Michael Schmidt baut sein Traumboot
Nach dreijähriger Auszeit macht Hanse Yachts Gründer Michael Schmidt mit einem ungewöhnlichen 80 Füßer von sich reden. Der Prototyp der Brenta 80 mit italienischen Genen wird gerade in einem neuen Betrieb in Greifswald fertig.
Eigentlich wollte Michael Schmidt seit dem Verkauf der Hanse Werft mal aufhören mit arbeiten. Hat er auch.

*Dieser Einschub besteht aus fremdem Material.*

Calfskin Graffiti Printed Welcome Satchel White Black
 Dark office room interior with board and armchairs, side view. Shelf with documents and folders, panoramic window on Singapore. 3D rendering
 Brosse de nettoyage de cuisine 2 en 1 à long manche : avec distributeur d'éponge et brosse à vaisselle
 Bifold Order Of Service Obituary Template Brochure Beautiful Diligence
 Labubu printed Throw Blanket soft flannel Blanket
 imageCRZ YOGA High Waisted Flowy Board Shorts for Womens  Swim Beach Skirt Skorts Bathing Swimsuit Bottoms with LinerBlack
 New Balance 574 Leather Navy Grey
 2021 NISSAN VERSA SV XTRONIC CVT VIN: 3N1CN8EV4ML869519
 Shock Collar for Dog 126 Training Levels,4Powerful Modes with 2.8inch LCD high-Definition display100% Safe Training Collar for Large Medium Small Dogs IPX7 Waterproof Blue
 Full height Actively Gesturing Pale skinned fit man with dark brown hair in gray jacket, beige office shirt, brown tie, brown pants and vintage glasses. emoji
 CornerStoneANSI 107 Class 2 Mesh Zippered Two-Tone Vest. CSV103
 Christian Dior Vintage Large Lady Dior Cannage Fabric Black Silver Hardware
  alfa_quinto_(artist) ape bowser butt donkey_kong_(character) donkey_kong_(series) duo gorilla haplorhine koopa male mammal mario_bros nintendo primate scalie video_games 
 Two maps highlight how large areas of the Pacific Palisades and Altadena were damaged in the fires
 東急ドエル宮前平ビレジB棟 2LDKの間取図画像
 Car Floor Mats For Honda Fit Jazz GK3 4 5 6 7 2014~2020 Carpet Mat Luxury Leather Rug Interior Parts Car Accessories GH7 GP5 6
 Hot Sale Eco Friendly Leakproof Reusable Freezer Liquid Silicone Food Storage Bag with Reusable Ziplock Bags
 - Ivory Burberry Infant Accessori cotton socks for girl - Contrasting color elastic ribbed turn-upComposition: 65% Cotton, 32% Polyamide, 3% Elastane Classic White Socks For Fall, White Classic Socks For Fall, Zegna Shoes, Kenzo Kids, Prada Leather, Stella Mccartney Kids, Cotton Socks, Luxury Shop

Er segelte im Mittelmeer und Schwarzen Meer, querte den Atlantik und kreuzte in der Karibik. Jetzt ist das Powerhouse der deutschen Yachtbranche wieder da. Erholt treibt Schmidt sein neues Konzept mit bekanntem, bisweilen gefürchtetem Drehmoment voran.
Schmidt kennt praktisch alle Facetten seines Fachs: Von Jollen über die damals wegweisenden kanadischen Cuthbertson & Cassian (C&C) Serienboote, den Bau innovativer Admirals Cupper in den achtziger Jahren bis hin zur Gründung der Hanse Werft 1990 in Greifswald. 1982 wurde in Wedel der Ofen zum Backen von Cuppern wie „Düsselboot“, „Diva“, „Outsider“, „Pinta“ und „Rubin“ warm gemacht. 1985 wurde die Hochseesegel-WM exklusiv mit Schmidts Werftbauten gewonnen.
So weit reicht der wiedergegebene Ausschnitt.